I can be mistaken for a wizened watcher, especially now that my hair is turning mostly grey. I can sometimes see the difference between a fastball and a change-up, but I usually blink as the pitch passes over the plate. I doubt that I’ve ever seen a bat connect with a ball, startled awake instead by the resounding crack. I rather chase the game around the field, arriving just after every play, still deeply appreciative of the game.

I am expert at cracking peanuts, though I blanch at dropping the shells at my feet. I do not usually root for the home team, but try to appreciate the beauty of individual plays. I rarely leave any ballpark disappointed. I secretly hope both teams will win, and they usually do.

I hold a similar relationship to my professional life. I’m not half the confident expert my forebears were. I don’t really understand the deep down rules of engagement, but I compensate by appreciating that I do not. I am pretty much a gape-mouthed professional, too.

I almost never notice the details as they whiz by, certainly not like The Muse does. She’s a strategist. I’m a pattern catcher. This means I’m always behind on the infamous count, not all clogged up with anticipation. Tabula Rasa, over and over and over again. I have no name for what I see until I see it, and I’m not up late nights trying to memorize any encyclopedia of patterns. Patterns seem meaningful only in discovery. They are linkages, not knowledge. Imminently disposable.

I believe than an ounce of appreciation might be worth a pound of cure. I think it mostly doesn’t really matter who wins and who loses because the game never really ends. Each tally point serves as punctuation of the comma, semi-colon, or em-dash variety—not the end.

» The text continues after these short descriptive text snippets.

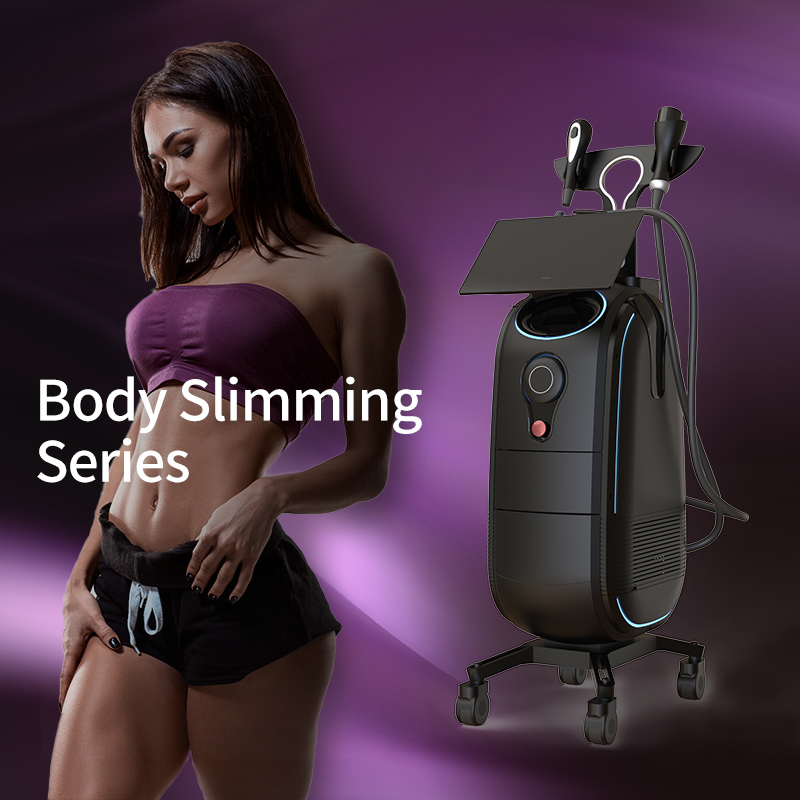 Face Lifting Body Shaping 3 in 1 RF Vacuum Facial Skin Lifting Salon SPA Beauty Machine
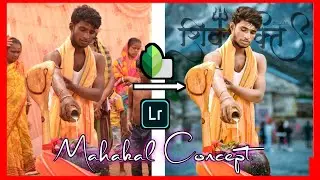Mahakal photo editing || Mahadev photo editing in Snapseed and Lightroom || Amit edits Ae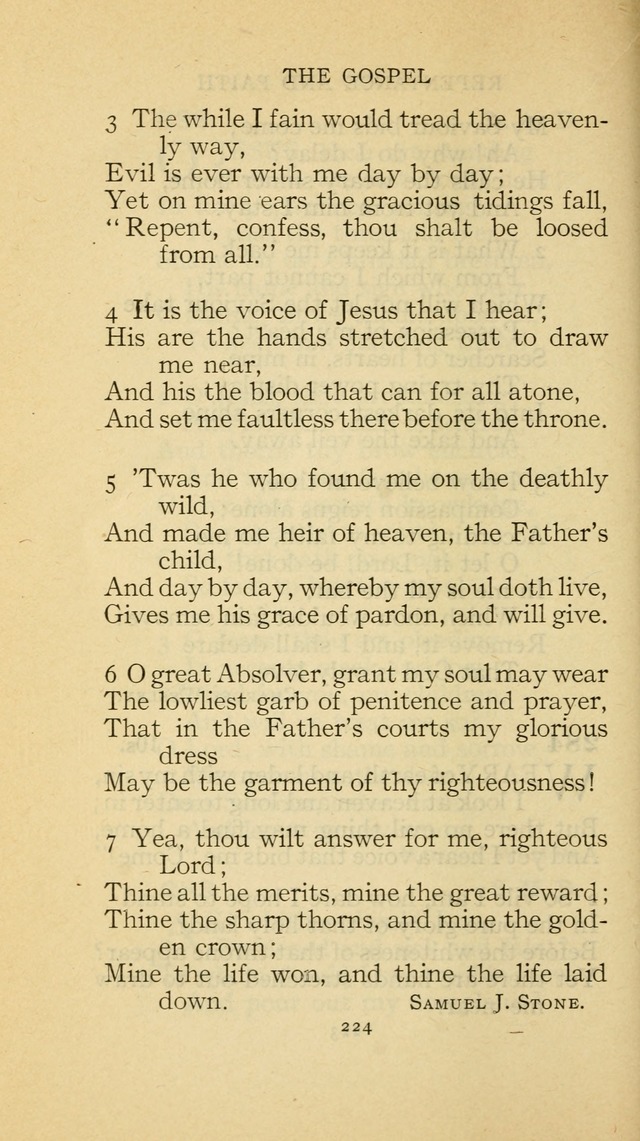 The Methodist Hymnal (Text only edition) page 224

Last night, we watched a last week of the regular season game. Everyone on the field was playing hurt. Almost no one hustled. None of those kids out there moved like they were young anymore, and that didn’t matter to any of the fans in the stands. We were there for something other than simply watching a ball game. I told the guy sitting next to me that we would probably get to know each other pretty well by the ninth inning, and my prediction proved true. We were almost family when the first baseman caught that line drive and sent everybody home. I said, “Say hi to your little brother.” He said, “Try to keep the camp followers from following you home.”